WHAT THE TASK REQUIRES
Using the entries that follow, write out the line containing "Mid-Tube Socks Autumn", the line containing "VIN 19VDE1F38DE009044 2016", and every line between them, exactly and nothing else.
EXTRACTED ENTRIES section start
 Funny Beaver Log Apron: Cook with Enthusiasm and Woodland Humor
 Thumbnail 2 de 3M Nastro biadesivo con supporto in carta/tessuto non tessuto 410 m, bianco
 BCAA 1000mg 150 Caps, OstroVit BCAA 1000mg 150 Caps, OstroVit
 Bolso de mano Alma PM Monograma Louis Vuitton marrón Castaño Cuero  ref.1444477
EXTRACTED ENTRIES section end
EXTRACTED ENTRIES section start
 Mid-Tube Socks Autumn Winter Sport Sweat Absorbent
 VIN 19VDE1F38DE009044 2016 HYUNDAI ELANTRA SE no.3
EXTRACTED ENTRIES section end
EXTRACTED ENTRIES section start
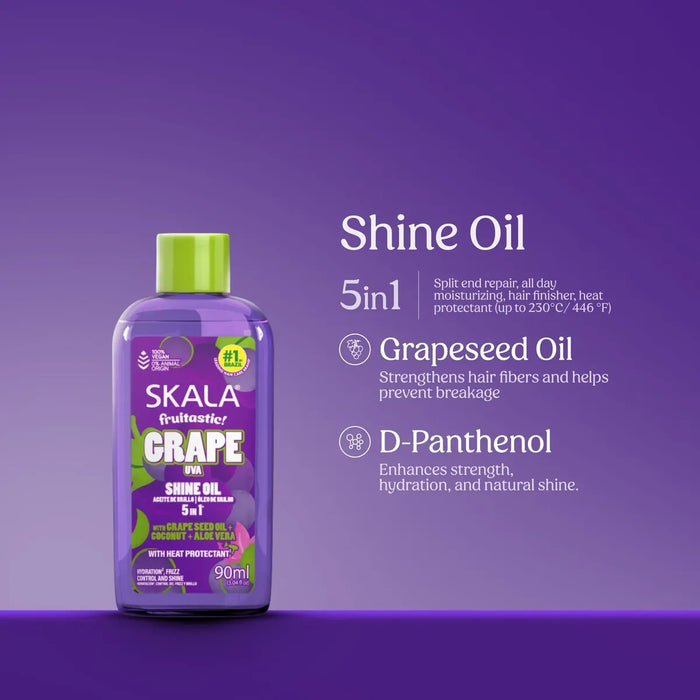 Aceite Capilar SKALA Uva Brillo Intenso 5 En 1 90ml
EXTRACTED ENTRIES section end
OUTPUT
 Mid-Tube Socks Autumn Winter Sport Sweat Absorbent
 VIN 19VDE1F38DE009044 2016 HYUNDAI ELANTRA SE no.3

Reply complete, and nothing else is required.